Tips for Lean Managers

Client tells Gemba: “We’re Wasting Our Money by Paying You”

Avatar photo By Jon Miller Published on November 2nd, 2005

Earlier this week I had a chance to join one of our consultants on a follow up visit to one of our clients. We were there for a Lean transformation progress check and to make training and kaizen project plans for 2006.
We reviewed their Lean manufacturing efforts so far and interviewed the managers and supervisors. We asked for their frank feedback and we got it.
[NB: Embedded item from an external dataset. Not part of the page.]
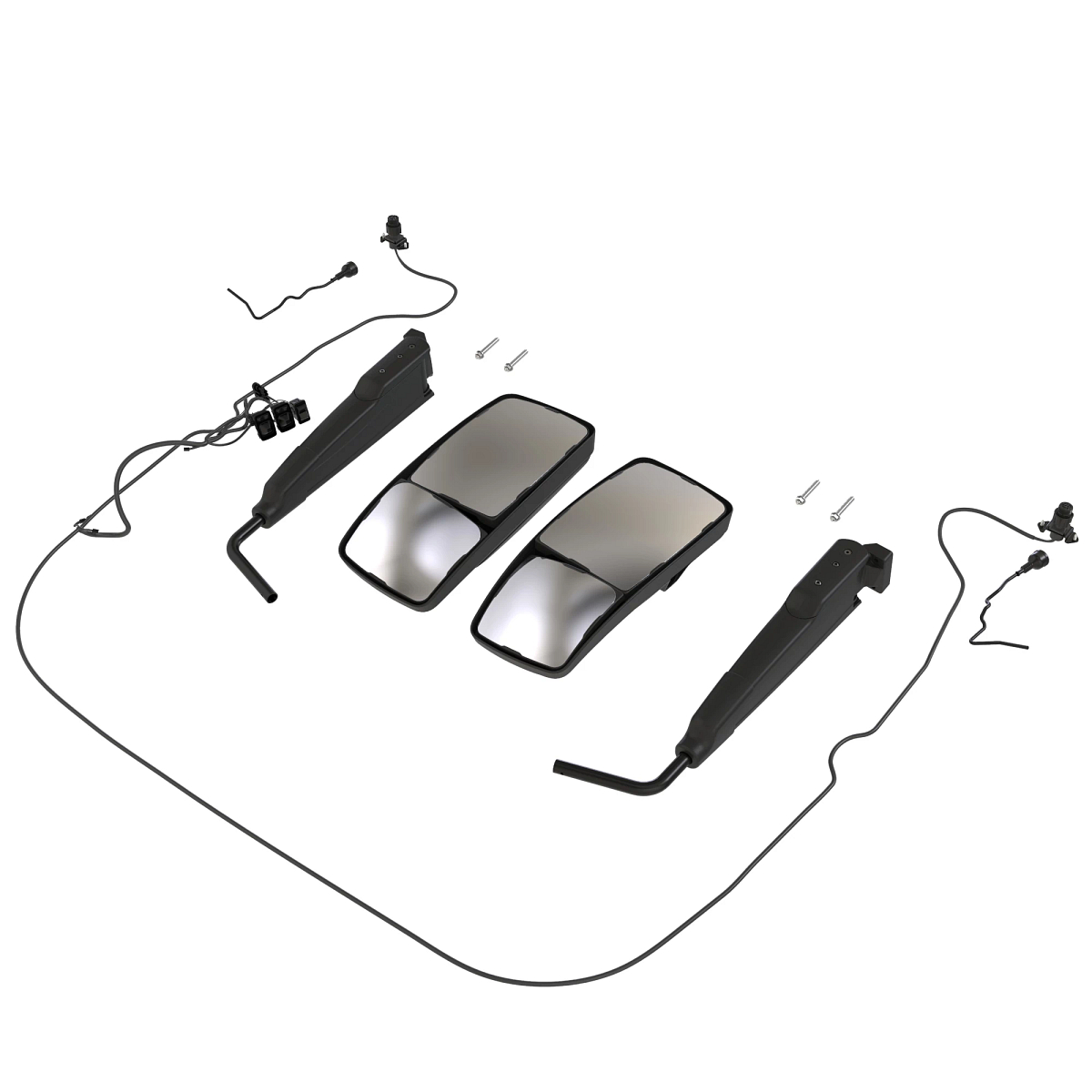 Rear View Mirror, Electrical Telescope, Electric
It’s not the first time in history that consultants have been told they were useless, but it’s been a while since I faced the heat.
One manager started off the conversations with a series of questions for us. “You started working for us in the beginning of 2004. So why did we lose money last year?” She was very unhappy, and she wanted answers.
She felt that everything we had done so far in the factory was, in her words, “common sense”. Her final assessment of the value of our kaizen consulting was blunt: “I think we’re wasting our money by paying you.”
It was tempting to defend ourselves, explain that the losses at her company would have been greater without the savings achieved through kaizen activity, and clarify the misunderstandings. But we bit our tongue and listened. As a result I think she left the meeting knowing she had been heard. We also learned some valuable things.
This manager had been with the company for 8 years. She had many insights into things that weren’t working at her company in terms of communication and information flow. How had we missed her? Why hadn’t she spoken up a year ago? Why hadn’t we sought her input? How had we failed to address her concerns earlier in the process? These are questions we’ll resolve quickly.
She was a case in point about the need to improve communication at her company. Clearly we had failed to make it clear to all corners of the company what the kaizen activity was doing for the company, what it was not going to do, and what was coming next.
This company has lost money for the last two years, despite our Lean manufacturing efforts. This company is in a very seasonal business. They have some of the typical challenges of a small family owned business. In terms of operations and costs they have run a fairly tight ship, and we took on the project knowing there were no “gold mines” of waste that would yield huge bottom-line results right away. While we had told the owners this, not everyone had gotten this message.
Culture change almost always lags behind physical changes in a Lean transformation, except in cases where organizations focuses the first phase of their Lean transformation in education, communication and organizational development. It’s tempting to chase cost reductions, at the expense of doing a thorough job of building a kaizen culture. This is doubly true when the business is losing money.
There is a lot of work to do but this company is well on their way to a Lean Enterprise. With managers like this woman who care deeply about the company and who have the courage to face down ‘big city’ consultants and tell them they are useless, I think they will succeed.